Dans ce contexte, les réformistes insistaient sur le programme minimum, et parmi certains révisionnistes allaient jusqu'à remettre en question la perspective de la révolution socialiste, théorisant un passage graduel au socialisme.
Le terme de « maximalisme » a globalement servi à désigner des courants vus comme à la gauche de la social-démocratie, car insistant sur le programme maximum.
1.2 Le mouvement révolutionnaire russe[modifier | modifier le wikicode]
À l’évidence, les observateurs de la révolution russe de 1917 qui dérange la Guerre mondiale se trompent, les bolcheviks ne sont pas vraiment maximalistes, au sens anarchiste. Dans la tête des journalistes superficiels, maximalisme rime avec anarchisme ou romantisme terroriste. Le maximalisme anarchiste qui exista en Russie en 1883-1892 était celui du groupe Osvoboždenie truda. Il se manifesta à nouveau en 1906 avec un groupe de populistes issus du Parti socialiste-révolutionnaire paysan. Natacha Klimova, une jeune fille de la petite noblesse, rencontra le chef maximaliste Solokov, Maxime Savinkov et aussi des militants socialistes des deux fractions.
Les bolcheviks sont confondus initialement en Europe du nord avec les anarchistes, leur appartenance à la social-démocratie est loin d’être une évidence. Lénine est catalogué à la Préfecture de police parisienne comme « un homme très dangereux », et même « un dangereux et louche agitateur », donc de type anarchiste. Puis la presse les présentera comme étant des « espions allemands ». La mission militaire française en Russie assure le gouvernement russe de son appui « dans la lutte qu’il a entreprise contre les éléments maximalistes » (c'est-à-dire les bolcheviks).
Au retour de Lénine en Russie, en avril, le journal menchévique de Petrograd Rabotchaïa Gazeta ridiculisait les promesses de « complète et immédiate libération économique » faites par les « léninistes ». Le titre de la polémique anti-bolchévique publiée le 9 avril parle de lui-même : « La résurgence de l’anarchisme et du maximalisme ».[1]
Quand la nouvelle de l'insurrection d'Octobre arrive en France, L'Humanité (alors aux mains de la SFIO) titre « Un coup d'État en Russie : les Maximalistes maîtres à Petrograd ».
1.3 Le Parti socialiste italien[modifier | modifier le wikicode]
Bordiga et Gramsci, alors membres du Parti socialiste italien, utilisent d'abord le terme de maximalisme à propos des révolutionnaires bolcheviques, alors que les contacts n’ont pas encore pu être établis avec eux.

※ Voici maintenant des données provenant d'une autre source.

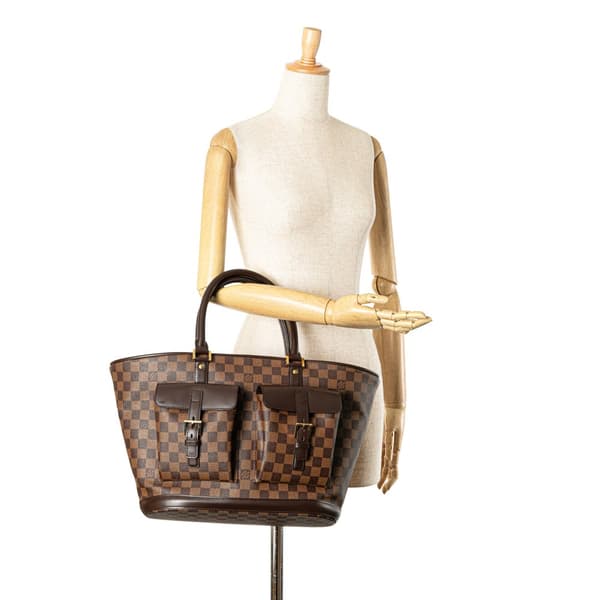 Pre-owned Louis Vuitton Damier Ebene Manosque GM Brown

Le PSI, qui s'était déclaré neutre pendant la Première guerre mondiale, affirme en 1919 son « orientation maximaliste », tout comme elle parle du « prolétariat maximaliste » et du « socialisme maximaliste ». Cela allait de pair avec son affirmation du maintien de l'internationalisme qui était le socle de l'Internationale ouvrière.
« Après la guerre, en apparence, tout le Parti prit une orientation « maximaliste » en adhérant à la IIIe Internationale. L'attitude du Parti ne fut pourtant pas satisfaisante du point de vue communiste. » Fraction communiste abstentionniste du PS italien au Comité de Moscou de la IIIe Internationale (1919)

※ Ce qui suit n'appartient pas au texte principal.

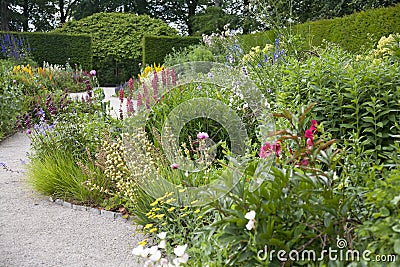 English Herbaceous Garden Border Stock Photo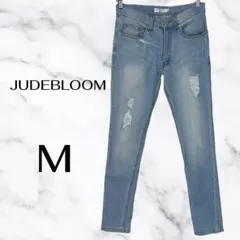美品✨【JUDEBLOOM】ダメージスキニージーンズ　ストレッチ　ライトブルー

Mais le parti se divise vite entre une aile vraiment révolutionnaire et un courant qui en réalité est « centriste » : hésitant entre réformisme et révolution, et ne voulant pas rompre avec les réformistes.

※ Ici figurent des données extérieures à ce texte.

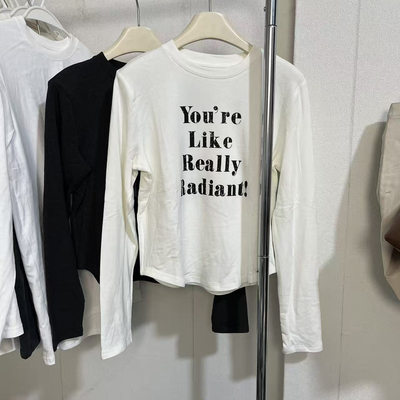 特价福利不退换YHS小版磨毛T恤打底衫字母印花长袖上衣小个子弹力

Les révolutionnaires dénonceront alors « le centre douteux des maximalistes », « les fameux maximalistes électoralistes », etc. Ce courant est notamment dirigé par Giacinto Menotti Serrati, même si lui-même rejoindra les révolutionnaires par la suite.
1.4 Le gauchisme[modifier | modifier le wikicode]
A partir de la rupture des communistes avec la social-démocratie, le terme de maximalisme tombe vite en désuétude.
Pour désigner ceux sont "trop à gauche", on utilise alors le terme de "gauchisme".
La direction de l'Internationale communiste, derrière Lénine et Trotski, est entrée en conflit avec des courants à la gauche des partis communistes (le KAPD, la gauche germano-hollandaise ou le courant bordiguiste par exemple).
« Conformément à ses vues maximalistes le KAPD se déclare également pour le rejet de toutes les méthodes de lutte réformistes et opportunistes, dans lesquelles il ne voit qu’une manière d’esquiver les luttes sérieuses et décisives avec la classe bourgeoise ». Hermann Gorter, Programme du parti communiste ouvrier d’Allemagne (1920)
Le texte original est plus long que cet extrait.